What storage array are you using out of interest?
 
How many disks have you got? The J4400 takes up to 24x 1TB so have you got 2 of them? As 48 spindles is pretty high throughput.. Sun quote 2GBytes/sec network throughput for their 48 disk thumper. The 10 VMs you're planning to run will be fine on 1Gbit but your fabric will bottleneck before the array
 
It depends how the array is being presented to the VM node though. I imagine you're running ZFS somewhere - do you have any flash/NV RAM acceleration in the 7310? Have you played with any settings?
 
Yeah 2 of them. They are new, nothing yet on them, we have configured both sets of 24 as one big pool, I think its Raid6+1, as that's what they recommended for a good balance of performance + redundacy.

We will definately be limitied by the 4 x 1GB ports, but the switch we bought has a couple of 10Gbe ports, so we can do a quick upgrade on the back of the NAS if needs be.
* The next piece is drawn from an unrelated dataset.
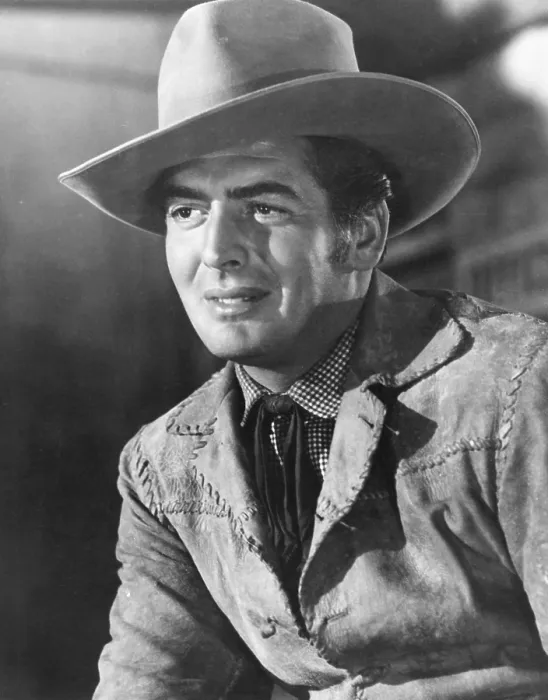 Framed Print : FURY AT FURNACE CREEK, Victor Mature, 1948, TM & Copyright 20th Century Fox Film Corp. / courtesy Everett Collection Framed Print : FURY AT FURNACE CREEK, Victor Mature, 1948, TM & Copyright 20th Century Fox Film Corp. / courtesy Everett Collection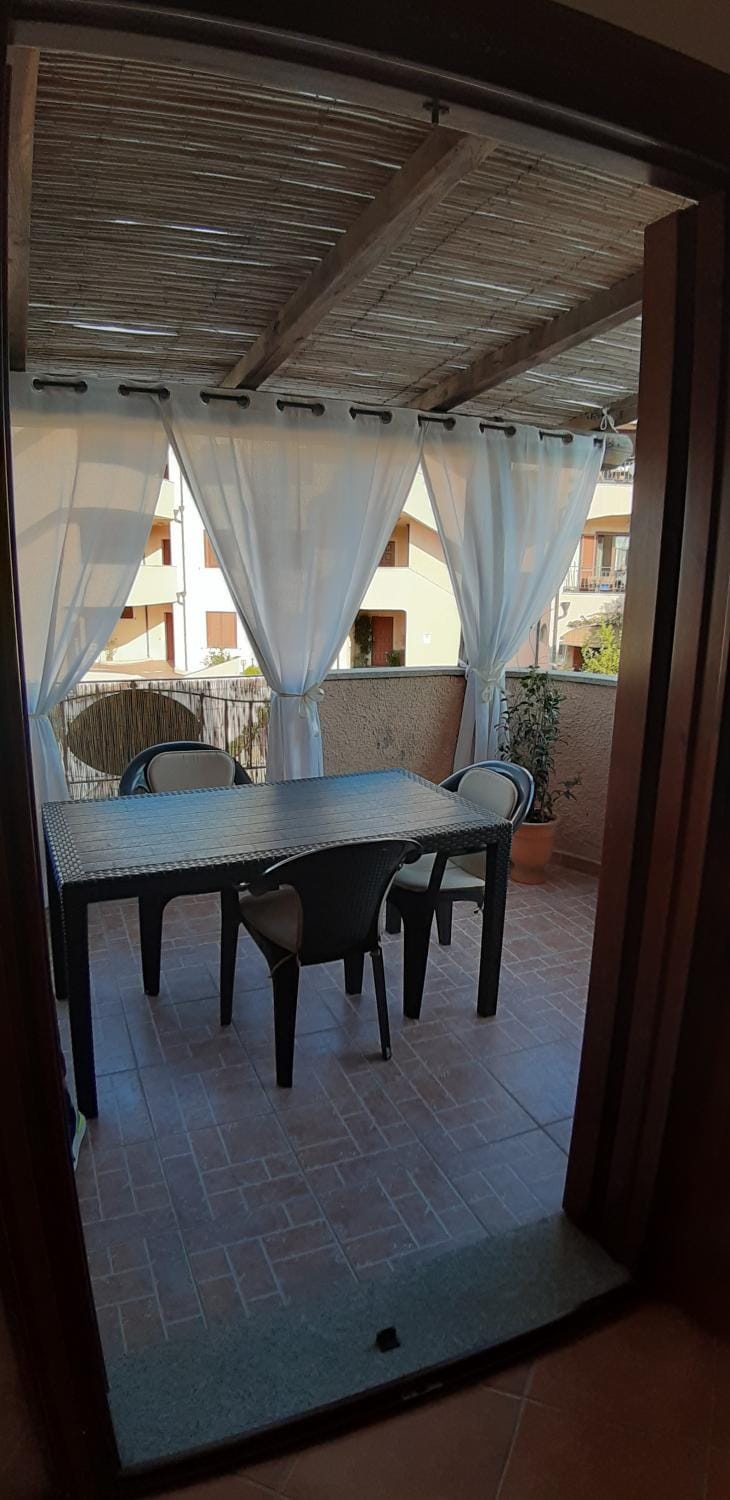 Raggio di sole - olbia Apartment in Olbia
It has a couple of read SSDs for buffering and 16GB of RAM. Not played that much with it, as we are still awaiting the proper switches to be delivered.
 
Yeah 1 big 48 disk RaidZ2 isn't going to do so great for VMs. Do some benchmarks and workout whats latency sensitive and what needs high throughput and create multiple mirrored pools as required. You can set the SSDs as a striped logzilla/readzilla or 1 for each.. again depends how much ZIL and L2ARC get hammered as to what is best. Also if you're using COMSTAR for iSCSI there's lots of tuneables that will help!
 
Its set for `Double parity RAID` I didnt see any mention of Raid Z or Z2 etc when configuring.